__SOURCE DATA__
• • •
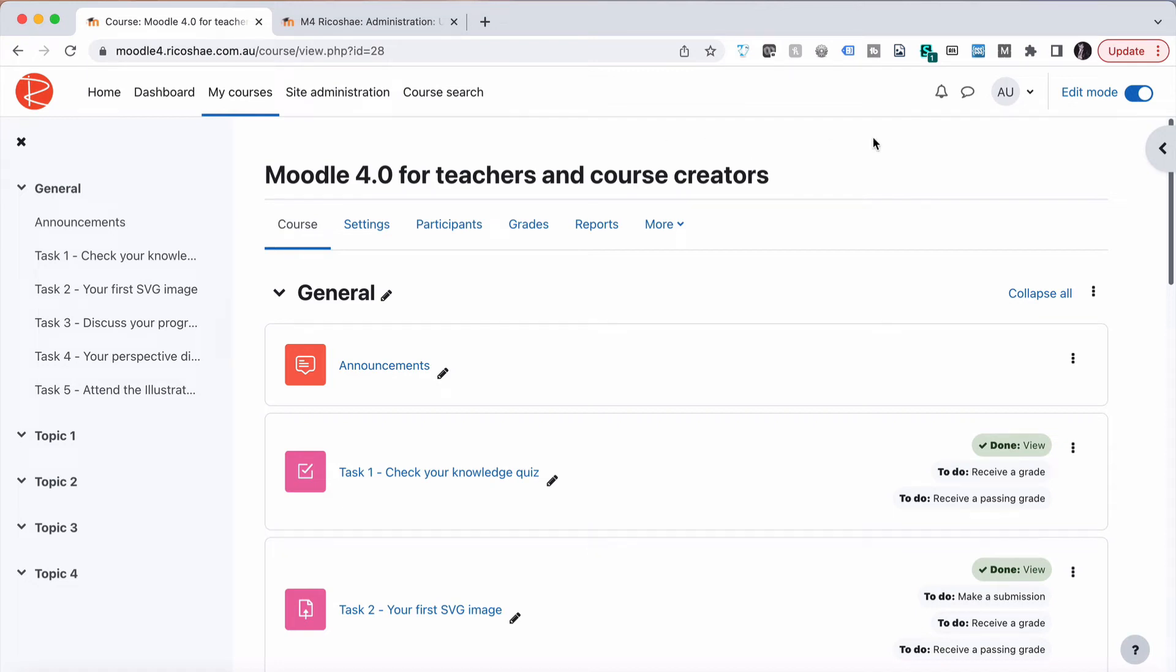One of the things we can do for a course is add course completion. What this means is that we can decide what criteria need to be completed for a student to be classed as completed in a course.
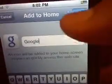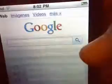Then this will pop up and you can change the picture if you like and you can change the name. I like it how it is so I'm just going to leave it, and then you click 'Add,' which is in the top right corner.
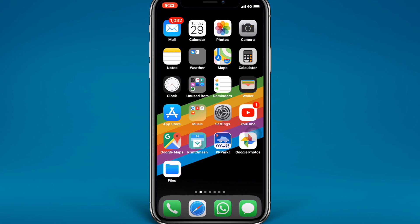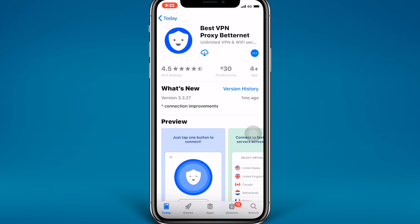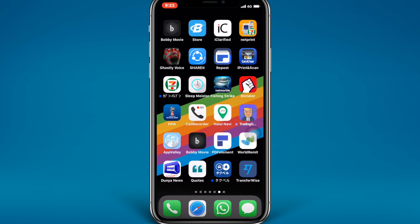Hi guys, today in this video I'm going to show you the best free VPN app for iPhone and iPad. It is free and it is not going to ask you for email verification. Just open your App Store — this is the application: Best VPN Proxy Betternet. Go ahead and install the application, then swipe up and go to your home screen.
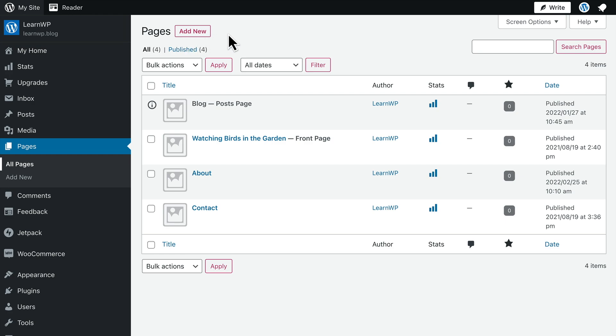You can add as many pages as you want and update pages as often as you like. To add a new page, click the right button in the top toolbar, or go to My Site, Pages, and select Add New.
• • •
A verbatim copy of the data, pictures removed, is the expected result.

One of the things we can do for a course is add course completion. What this means is that we can decide what criteria need to be completed for a student to be classed as completed in a course.
Then this will pop up and you can change the picture if you like and you can change the name. I like it how it is so I'm just going to leave it, and then you click 'Add,' which is in the top right corner.
Hi guys, today in this video I'm going to show you the best free VPN app for iPhone and iPad. It is free and it is not going to ask you for email verification. Just open your App Store — this is the application: Best VPN Proxy Betternet. Go ahead and install the application, then swipe up and go to your home screen.
You can add as many pages as you want and update pages as often as you like. To add a new page, click the right button in the top toolbar, or go to My Site, Pages, and select Add New.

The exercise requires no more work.